Abstract An EasyTest Cell concept is applied to study the performance characteristics of the electrochemical processor for polymer electrolyte membrane electrochemical hydrogen energy converters (PEM EHEC), broadly known as a membrane electrode assembly (MEA). A series of MEAs consisting of Nafion 117 polymer electrolyte and magnetron sputtered Pt, IrO x , and composite IrO x /Pt/IrO x catalysts with varying catalytic loadings were investigated. The partial electrode reactions proceeding in the real PEM EHEC, namely hydrogen oxidation (HOR), hydrogen evolution (HER), oxygen reduction (ORR), and oxygen evolution (OER), are simulated and studied in a recently developed test cell with a unitized gas compartment.
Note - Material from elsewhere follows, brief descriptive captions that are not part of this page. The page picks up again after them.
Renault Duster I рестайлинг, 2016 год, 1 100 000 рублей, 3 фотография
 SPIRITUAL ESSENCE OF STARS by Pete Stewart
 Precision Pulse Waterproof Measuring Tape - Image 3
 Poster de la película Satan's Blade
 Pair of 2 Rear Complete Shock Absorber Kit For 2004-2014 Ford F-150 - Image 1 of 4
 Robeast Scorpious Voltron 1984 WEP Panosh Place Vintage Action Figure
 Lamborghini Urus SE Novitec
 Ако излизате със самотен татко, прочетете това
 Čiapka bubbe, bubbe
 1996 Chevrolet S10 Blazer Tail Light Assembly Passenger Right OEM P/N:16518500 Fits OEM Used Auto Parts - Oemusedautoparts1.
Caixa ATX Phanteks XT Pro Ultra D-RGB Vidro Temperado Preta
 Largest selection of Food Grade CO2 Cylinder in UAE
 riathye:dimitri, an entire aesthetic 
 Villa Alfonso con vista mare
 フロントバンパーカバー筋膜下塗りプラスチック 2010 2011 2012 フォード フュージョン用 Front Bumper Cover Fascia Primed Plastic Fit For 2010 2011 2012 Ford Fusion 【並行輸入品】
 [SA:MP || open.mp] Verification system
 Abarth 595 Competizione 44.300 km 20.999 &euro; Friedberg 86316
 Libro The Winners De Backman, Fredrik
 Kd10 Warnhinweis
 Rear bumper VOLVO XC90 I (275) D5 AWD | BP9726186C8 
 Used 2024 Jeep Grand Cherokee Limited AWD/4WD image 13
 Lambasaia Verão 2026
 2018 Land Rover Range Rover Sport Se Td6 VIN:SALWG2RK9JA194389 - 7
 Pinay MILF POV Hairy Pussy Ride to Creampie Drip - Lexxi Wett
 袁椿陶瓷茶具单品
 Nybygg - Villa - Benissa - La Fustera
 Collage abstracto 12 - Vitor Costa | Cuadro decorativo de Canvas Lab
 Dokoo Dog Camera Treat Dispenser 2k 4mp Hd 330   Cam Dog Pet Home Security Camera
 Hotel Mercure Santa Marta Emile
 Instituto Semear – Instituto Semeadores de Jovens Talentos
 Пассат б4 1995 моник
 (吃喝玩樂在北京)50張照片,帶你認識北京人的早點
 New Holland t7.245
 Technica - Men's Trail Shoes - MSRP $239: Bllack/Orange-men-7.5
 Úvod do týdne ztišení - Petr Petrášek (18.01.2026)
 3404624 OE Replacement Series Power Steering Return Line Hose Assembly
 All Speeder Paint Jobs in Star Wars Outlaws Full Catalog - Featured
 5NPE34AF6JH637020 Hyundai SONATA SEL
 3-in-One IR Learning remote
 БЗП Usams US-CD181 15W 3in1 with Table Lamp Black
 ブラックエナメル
The EasyTest Cell design gives possibilities for strict control of the experimental conditions by avoiding the usage of any auxilliary gas conditioning equipment. By varying the thickness of the sputtered Pt film, the catalyst loading is remarkably reduced (from 0.5 to 0.06 mg cm −2 or about 8 times) for both HOR and HER without any sacrifice of the electrode performance. The electrode with 0.2 mg cm −2 sputtered IrO x shows the best OER performance. The composite IrO x /Pt/IrO x electrode demonstrated a bi-functional catalytic activity toward both OER and ORR, as well as improved gas diffusion properties toward ORR compared to the single Pt layer with the same catalytic loading. A phenomenological criterion for evaluating the gas diffusion properties of the electrodes is proposed. The applied testing approach is validated via comparison of the results obtained in the EasyTestCell and the common laboratory PEM electrolytic cell.